This morning’s devotion, in the spirit of the Lenten Season, and its consequential–unfortunate but nonetheless natural!–to-do lists, not-to-do lists, self-disciplines, and self-restraints; reminds us of Christ our Treasure, not confined to the whims of the heart but the solid ground of things heavenly, the love of God the Father. It comes from Ethan Richardson:

Do not lay up treasures on earth, where moths and rust destroy and where thieves break in and steal, but lay up for yourselves treasures in heaven, where neither moth nor rust destroys and where thieves do not break in and steal. For where your treasure is, there your heart will be also.

I have this friend (I promise it’s not me!) who calls himself “a well-intentioned nomad with a penchant for idealism.” Whether it’s deciding the right microbeer or just the right record to “make the moment”, or the right next-step-two-year-career towards intentional living, this friend—again, not me, of course—has a tendency to construct the most illustrious plans for a life in total congruence with what he envisions will “complete a picture” and “ignite a passion.” Of course, it’s not surprising that these plans tend to bounce a bit, to pick up and move on at almost predictable intervals.
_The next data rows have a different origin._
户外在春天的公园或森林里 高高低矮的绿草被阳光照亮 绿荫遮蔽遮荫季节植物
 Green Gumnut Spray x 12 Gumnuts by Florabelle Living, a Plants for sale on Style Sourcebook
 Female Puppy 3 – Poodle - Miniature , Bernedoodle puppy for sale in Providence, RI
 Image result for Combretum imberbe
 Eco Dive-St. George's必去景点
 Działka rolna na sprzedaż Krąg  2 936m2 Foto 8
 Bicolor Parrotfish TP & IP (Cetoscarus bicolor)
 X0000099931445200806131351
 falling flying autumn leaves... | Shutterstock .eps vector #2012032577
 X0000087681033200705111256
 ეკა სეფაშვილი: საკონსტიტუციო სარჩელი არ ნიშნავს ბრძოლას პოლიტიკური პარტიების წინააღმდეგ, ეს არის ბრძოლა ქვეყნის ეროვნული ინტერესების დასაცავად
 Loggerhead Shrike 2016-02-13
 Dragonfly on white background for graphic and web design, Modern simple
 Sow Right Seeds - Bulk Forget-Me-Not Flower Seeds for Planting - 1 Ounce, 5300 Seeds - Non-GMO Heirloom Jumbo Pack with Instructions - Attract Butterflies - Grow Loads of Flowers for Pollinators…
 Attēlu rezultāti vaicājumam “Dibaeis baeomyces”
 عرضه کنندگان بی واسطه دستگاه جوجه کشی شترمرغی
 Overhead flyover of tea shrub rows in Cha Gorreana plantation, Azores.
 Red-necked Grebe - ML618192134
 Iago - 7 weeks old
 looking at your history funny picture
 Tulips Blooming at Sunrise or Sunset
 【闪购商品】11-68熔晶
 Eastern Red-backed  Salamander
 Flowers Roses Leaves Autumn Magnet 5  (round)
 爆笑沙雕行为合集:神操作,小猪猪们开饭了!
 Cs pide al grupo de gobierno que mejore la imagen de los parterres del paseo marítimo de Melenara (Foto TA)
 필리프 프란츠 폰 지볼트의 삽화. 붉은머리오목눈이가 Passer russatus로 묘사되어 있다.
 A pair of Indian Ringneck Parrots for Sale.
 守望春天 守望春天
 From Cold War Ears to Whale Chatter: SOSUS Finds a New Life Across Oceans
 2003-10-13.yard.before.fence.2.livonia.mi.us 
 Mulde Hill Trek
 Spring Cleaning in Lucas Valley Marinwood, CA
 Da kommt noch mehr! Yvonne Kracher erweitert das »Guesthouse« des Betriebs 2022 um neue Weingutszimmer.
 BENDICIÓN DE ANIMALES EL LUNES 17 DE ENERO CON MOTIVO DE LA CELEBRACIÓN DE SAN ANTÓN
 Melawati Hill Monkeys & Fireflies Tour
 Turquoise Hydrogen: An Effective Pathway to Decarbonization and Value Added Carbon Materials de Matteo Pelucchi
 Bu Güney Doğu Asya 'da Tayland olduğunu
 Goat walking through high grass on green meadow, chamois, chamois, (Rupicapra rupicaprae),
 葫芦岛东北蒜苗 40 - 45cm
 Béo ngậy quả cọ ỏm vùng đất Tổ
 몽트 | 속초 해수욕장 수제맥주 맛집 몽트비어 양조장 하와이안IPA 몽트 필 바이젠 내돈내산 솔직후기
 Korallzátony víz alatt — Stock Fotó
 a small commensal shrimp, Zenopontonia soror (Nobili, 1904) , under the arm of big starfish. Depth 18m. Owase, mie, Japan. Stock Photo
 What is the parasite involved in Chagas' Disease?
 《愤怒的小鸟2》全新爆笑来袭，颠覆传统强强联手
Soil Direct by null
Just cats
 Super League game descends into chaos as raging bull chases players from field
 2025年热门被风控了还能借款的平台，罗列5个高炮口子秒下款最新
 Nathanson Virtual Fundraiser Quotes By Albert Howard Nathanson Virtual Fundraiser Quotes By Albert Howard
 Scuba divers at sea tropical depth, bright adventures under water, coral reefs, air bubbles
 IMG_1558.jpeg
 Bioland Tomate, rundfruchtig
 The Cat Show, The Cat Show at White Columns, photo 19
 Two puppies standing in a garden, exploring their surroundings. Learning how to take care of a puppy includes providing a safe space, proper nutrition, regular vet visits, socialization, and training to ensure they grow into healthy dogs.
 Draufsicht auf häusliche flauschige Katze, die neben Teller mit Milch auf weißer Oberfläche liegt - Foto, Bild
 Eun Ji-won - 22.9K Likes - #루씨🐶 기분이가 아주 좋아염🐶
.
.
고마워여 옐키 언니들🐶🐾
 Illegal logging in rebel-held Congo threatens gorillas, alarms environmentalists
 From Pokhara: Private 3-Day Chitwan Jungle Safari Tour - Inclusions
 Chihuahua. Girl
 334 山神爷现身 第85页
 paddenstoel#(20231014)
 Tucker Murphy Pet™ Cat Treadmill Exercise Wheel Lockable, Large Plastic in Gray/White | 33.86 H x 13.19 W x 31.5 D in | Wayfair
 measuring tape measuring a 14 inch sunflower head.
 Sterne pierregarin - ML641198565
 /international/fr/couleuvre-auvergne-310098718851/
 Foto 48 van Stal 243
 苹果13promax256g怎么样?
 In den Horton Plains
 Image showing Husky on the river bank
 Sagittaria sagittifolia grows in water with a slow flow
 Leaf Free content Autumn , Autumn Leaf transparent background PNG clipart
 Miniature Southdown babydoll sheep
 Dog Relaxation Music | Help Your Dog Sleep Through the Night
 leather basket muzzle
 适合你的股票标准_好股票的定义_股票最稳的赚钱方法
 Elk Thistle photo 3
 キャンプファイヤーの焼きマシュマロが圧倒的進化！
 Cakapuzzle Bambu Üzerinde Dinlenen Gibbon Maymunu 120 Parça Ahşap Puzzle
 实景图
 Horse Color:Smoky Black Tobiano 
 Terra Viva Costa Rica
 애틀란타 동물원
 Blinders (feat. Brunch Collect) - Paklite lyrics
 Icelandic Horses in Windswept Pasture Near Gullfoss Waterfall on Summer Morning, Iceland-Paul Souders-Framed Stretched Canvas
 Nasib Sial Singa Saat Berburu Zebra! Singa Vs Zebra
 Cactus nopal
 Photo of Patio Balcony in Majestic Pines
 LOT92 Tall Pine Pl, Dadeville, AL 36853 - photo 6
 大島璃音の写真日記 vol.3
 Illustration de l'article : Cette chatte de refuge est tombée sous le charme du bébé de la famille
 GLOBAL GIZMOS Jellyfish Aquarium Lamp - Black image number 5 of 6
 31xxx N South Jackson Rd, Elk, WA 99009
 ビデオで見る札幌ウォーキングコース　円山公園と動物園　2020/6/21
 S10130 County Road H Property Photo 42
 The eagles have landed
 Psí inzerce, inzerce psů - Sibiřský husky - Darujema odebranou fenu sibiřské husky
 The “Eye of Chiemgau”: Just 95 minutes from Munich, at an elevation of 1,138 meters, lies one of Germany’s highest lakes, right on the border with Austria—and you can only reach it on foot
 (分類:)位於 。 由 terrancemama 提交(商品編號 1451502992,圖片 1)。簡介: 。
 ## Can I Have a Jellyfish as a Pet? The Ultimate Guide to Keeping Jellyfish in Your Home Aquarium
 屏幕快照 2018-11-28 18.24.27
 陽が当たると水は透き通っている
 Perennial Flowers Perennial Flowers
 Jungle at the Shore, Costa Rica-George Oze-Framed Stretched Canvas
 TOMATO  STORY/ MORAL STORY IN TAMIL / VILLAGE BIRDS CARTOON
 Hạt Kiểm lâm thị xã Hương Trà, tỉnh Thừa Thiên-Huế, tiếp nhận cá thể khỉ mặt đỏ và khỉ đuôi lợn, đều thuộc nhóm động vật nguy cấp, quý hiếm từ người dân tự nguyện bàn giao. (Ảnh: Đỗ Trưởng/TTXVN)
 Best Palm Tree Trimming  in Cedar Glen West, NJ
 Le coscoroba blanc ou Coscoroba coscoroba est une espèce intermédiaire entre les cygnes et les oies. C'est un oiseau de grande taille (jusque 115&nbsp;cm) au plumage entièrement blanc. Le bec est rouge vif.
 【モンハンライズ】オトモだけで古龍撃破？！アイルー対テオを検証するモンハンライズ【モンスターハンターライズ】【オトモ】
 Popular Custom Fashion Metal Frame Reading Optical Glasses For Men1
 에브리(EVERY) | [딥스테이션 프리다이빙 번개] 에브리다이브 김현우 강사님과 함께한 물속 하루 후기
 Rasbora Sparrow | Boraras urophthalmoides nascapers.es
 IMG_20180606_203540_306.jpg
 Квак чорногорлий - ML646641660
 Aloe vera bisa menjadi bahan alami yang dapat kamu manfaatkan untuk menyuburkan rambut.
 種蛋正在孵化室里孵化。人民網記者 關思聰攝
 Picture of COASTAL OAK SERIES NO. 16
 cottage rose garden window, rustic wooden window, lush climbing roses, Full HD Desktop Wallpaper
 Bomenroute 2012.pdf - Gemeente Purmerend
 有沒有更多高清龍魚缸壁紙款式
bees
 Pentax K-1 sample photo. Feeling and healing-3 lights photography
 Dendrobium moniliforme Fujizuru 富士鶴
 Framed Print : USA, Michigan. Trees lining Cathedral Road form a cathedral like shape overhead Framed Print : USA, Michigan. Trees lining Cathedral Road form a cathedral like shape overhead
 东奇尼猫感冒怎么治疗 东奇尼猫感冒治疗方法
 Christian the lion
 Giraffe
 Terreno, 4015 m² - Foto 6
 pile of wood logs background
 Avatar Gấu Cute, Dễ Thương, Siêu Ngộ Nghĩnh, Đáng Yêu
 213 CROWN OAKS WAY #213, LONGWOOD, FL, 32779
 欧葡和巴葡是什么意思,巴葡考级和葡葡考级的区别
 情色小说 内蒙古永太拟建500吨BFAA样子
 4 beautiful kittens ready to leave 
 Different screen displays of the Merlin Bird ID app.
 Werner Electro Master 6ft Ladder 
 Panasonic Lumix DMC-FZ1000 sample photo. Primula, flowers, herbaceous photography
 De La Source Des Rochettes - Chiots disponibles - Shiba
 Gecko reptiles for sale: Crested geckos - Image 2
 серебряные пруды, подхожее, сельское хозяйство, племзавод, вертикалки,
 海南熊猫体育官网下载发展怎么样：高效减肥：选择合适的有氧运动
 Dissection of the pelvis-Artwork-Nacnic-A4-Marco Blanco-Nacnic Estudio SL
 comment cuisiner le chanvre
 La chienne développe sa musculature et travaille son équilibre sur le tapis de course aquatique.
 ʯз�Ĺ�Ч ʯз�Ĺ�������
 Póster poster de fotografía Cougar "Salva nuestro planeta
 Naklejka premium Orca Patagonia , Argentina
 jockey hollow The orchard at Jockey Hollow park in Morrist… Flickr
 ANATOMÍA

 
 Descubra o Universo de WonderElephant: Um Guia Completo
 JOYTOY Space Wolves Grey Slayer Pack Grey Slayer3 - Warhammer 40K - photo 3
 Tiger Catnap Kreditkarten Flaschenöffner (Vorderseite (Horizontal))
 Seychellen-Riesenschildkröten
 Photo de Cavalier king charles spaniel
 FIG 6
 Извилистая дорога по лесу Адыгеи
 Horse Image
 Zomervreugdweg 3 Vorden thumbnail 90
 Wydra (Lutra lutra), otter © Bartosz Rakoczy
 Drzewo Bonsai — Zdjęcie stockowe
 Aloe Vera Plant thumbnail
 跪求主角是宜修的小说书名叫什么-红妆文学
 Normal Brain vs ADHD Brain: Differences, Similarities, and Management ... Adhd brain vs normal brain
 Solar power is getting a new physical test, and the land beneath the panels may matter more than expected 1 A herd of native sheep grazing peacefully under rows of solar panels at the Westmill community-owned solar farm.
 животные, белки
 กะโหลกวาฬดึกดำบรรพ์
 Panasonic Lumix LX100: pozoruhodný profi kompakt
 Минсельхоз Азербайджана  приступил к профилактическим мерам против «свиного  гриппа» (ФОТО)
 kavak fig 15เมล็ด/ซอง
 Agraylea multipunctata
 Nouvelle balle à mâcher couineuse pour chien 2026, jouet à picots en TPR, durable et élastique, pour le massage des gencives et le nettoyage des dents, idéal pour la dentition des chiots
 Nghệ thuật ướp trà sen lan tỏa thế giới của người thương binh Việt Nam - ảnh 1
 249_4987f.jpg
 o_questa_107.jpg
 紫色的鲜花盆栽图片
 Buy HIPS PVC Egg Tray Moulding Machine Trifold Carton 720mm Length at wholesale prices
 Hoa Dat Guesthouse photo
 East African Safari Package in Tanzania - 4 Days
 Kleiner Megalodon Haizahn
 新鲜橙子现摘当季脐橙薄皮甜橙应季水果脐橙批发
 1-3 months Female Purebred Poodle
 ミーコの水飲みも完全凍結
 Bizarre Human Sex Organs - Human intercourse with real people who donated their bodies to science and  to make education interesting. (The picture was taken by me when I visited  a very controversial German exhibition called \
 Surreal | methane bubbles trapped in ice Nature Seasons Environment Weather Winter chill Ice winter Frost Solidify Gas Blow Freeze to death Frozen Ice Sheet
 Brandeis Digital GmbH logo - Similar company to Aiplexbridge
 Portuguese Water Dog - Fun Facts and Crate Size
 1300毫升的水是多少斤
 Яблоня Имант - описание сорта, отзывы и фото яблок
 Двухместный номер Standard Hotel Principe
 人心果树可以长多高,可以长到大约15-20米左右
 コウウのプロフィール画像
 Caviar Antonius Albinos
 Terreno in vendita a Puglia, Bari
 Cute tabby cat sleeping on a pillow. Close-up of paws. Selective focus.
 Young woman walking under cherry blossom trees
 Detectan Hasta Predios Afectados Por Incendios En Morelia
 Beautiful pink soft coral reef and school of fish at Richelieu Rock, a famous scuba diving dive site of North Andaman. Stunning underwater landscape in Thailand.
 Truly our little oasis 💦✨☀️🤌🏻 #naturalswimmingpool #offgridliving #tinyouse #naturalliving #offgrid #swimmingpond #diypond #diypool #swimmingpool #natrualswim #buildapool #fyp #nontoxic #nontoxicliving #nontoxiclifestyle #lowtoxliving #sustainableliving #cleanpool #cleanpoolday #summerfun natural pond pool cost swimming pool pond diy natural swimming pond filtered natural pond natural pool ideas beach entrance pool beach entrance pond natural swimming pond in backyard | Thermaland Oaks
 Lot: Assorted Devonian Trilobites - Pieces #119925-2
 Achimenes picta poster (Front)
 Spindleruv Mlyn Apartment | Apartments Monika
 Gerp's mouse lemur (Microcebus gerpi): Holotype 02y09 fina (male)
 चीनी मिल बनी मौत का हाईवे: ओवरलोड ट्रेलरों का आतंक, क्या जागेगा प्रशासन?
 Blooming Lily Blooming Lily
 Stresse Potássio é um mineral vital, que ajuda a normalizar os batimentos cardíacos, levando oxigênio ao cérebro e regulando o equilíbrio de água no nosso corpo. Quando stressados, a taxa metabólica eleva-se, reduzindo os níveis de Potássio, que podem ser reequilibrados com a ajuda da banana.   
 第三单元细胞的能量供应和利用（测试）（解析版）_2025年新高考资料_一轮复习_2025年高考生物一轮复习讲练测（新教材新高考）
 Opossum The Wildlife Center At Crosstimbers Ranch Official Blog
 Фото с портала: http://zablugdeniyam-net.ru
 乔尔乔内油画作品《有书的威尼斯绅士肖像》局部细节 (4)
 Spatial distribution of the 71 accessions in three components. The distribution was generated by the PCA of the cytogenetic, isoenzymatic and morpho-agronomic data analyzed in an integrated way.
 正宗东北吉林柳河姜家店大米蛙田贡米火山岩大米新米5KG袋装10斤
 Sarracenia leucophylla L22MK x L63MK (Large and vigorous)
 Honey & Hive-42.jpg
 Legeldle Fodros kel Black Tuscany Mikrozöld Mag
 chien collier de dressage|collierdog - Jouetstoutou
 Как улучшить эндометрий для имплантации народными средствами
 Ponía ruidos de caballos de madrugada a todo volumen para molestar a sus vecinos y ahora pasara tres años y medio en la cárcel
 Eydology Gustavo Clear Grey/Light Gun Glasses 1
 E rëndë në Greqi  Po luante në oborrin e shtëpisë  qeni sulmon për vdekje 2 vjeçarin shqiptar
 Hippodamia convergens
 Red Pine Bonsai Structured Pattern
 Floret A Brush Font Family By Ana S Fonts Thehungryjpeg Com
It’s extremely easy to dismantle this perspective from an objective standpoint, but it also sounds really, really good when those things envisioned seem so perfect.

And yet they’re not. Nothing’s perfect, and I should have guessed this as I rode in the car with this friend, newly returned a bearded localvore from his latest overseas, return-to-simplicity, slow-food, socially just excursion. I should have guessed, but at the time I was just as enamored with his narrative as he had been before he left. And yet he told me it pretty much sucked, and he sort of wondered if he wholly regretted having gone. He said it didn’t add up. The image he had created, and continues to create, had no room for the imperfections that rotted away the self-created ideal. The moment just ended up feeling hollow.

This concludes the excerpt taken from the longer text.